> **Activity**
Beginning with the first line, please repeat the entries exactly and end on the line that contains "Кошечка проснулась".

Short web captions:
::::
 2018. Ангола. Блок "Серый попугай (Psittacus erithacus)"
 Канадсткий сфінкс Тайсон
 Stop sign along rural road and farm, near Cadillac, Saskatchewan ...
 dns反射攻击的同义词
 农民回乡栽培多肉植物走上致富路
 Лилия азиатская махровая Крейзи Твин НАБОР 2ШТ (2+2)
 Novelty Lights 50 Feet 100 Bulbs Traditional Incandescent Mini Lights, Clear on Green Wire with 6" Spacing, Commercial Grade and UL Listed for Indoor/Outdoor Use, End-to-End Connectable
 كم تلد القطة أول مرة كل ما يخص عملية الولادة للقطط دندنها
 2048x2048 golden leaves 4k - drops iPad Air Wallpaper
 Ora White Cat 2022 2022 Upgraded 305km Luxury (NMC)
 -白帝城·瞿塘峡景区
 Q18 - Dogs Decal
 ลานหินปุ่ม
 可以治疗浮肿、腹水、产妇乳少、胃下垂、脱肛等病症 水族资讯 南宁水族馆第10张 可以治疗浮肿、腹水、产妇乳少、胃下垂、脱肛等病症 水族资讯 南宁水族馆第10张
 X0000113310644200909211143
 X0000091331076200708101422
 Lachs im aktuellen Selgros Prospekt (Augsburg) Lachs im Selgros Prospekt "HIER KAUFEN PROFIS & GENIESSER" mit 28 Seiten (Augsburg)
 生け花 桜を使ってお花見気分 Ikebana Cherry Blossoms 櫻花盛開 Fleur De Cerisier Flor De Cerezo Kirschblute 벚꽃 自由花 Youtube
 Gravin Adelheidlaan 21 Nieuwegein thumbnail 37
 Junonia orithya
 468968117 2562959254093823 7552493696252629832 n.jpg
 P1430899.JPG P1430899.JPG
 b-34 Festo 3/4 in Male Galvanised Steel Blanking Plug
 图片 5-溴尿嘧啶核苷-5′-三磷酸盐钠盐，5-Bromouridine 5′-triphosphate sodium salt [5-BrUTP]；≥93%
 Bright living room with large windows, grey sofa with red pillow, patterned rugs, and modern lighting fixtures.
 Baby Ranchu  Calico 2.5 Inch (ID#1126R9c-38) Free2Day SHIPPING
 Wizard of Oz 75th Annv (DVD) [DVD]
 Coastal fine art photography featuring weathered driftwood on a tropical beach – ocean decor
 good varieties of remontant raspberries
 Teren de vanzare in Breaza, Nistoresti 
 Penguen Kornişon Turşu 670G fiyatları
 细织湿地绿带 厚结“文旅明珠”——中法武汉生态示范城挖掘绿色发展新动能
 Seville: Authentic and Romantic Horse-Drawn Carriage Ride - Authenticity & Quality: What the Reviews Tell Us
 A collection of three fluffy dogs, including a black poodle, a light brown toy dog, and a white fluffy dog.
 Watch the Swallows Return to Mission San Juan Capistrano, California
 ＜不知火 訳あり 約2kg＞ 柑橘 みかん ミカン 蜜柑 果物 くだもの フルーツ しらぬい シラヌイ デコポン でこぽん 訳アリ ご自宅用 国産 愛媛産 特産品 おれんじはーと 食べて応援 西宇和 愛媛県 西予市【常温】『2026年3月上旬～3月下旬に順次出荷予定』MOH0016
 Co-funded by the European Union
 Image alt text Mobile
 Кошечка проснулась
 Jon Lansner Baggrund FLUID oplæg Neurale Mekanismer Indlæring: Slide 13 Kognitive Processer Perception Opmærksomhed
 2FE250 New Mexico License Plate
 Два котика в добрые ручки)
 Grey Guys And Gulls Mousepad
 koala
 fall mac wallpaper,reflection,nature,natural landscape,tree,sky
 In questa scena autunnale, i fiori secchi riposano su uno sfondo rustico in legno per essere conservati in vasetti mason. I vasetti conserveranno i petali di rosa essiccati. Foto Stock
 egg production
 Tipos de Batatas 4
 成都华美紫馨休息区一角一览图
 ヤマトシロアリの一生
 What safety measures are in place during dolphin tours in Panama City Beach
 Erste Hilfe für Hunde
::::
> **Solution**
 2018. Ангола. Блок "Серый попугай (Psittacus erithacus)"
 Канадсткий сфінкс Тайсон
 Stop sign along rural road and farm, near Cadillac, Saskatchewan ...
 dns反射攻击的同义词
 农民回乡栽培多肉植物走上致富路
 Лилия азиатская махровая Крейзи Твин НАБОР 2ШТ (2+2)
 Novelty Lights 50 Feet 100 Bulbs Traditional Incandescent Mini Lights, Clear on Green Wire with 6" Spacing, Commercial Grade and UL Listed for Indoor/Outdoor Use, End-to-End Connectable
 كم تلد القطة أول مرة كل ما يخص عملية الولادة للقطط دندنها
 2048x2048 golden leaves 4k - drops iPad Air Wallpaper
 Ora White Cat 2022 2022 Upgraded 305km Luxury (NMC)
 -白帝城·瞿塘峡景区
 Q18 - Dogs Decal
 ลานหินปุ่ม
 可以治疗浮肿、腹水、产妇乳少、胃下垂、脱肛等病症 水族资讯 南宁水族馆第10张 可以治疗浮肿、腹水、产妇乳少、胃下垂、脱肛等病症 水族资讯 南宁水族馆第10张
 X0000113310644200909211143
 X0000091331076200708101422
 Lachs im aktuellen Selgros Prospekt (Augsburg) Lachs im Selgros Prospekt "HIER KAUFEN PROFIS & GENIESSER" mit 28 Seiten (Augsburg)
 生け花 桜を使ってお花見気分 Ikebana Cherry Blossoms 櫻花盛開 Fleur De Cerisier Flor De Cerezo Kirschblute 벚꽃 自由花 Youtube
 Gravin Adelheidlaan 21 Nieuwegein thumbnail 37
 Junonia orithya
 468968117 2562959254093823 7552493696252629832 n.jpg
 P1430899.JPG P1430899.JPG
 b-34 Festo 3/4 in Male Galvanised Steel Blanking Plug
 图片 5-溴尿嘧啶核苷-5′-三磷酸盐钠盐，5-Bromouridine 5′-triphosphate sodium salt [5-BrUTP]；≥93%
 Bright living room with large windows, grey sofa with red pillow, patterned rugs, and modern lighting fixtures.
 Baby Ranchu  Calico 2.5 Inch (ID#1126R9c-38) Free2Day SHIPPING
 Wizard of Oz 75th Annv (DVD) [DVD]
 Coastal fine art photography featuring weathered driftwood on a tropical beach – ocean decor
 good varieties of remontant raspberries
 Teren de vanzare in Breaza, Nistoresti 
 Penguen Kornişon Turşu 670G fiyatları
 细织湿地绿带 厚结“文旅明珠”——中法武汉生态示范城挖掘绿色发展新动能
 Seville: Authentic and Romantic Horse-Drawn Carriage Ride - Authenticity & Quality: What the Reviews Tell Us
 A collection of three fluffy dogs, including a black poodle, a light brown toy dog, and a white fluffy dog.
 Watch the Swallows Return to Mission San Juan Capistrano, California
 ＜不知火 訳あり 約2kg＞ 柑橘 みかん ミカン 蜜柑 果物 くだもの フルーツ しらぬい シラヌイ デコポン でこぽん 訳アリ ご自宅用 国産 愛媛産 特産品 おれんじはーと 食べて応援 西宇和 愛媛県 西予市【常温】『2026年3月上旬～3月下旬に順次出荷予定』MOH0016
 Co-funded by the European Union
 Image alt text Mobile
 Кошечка проснулась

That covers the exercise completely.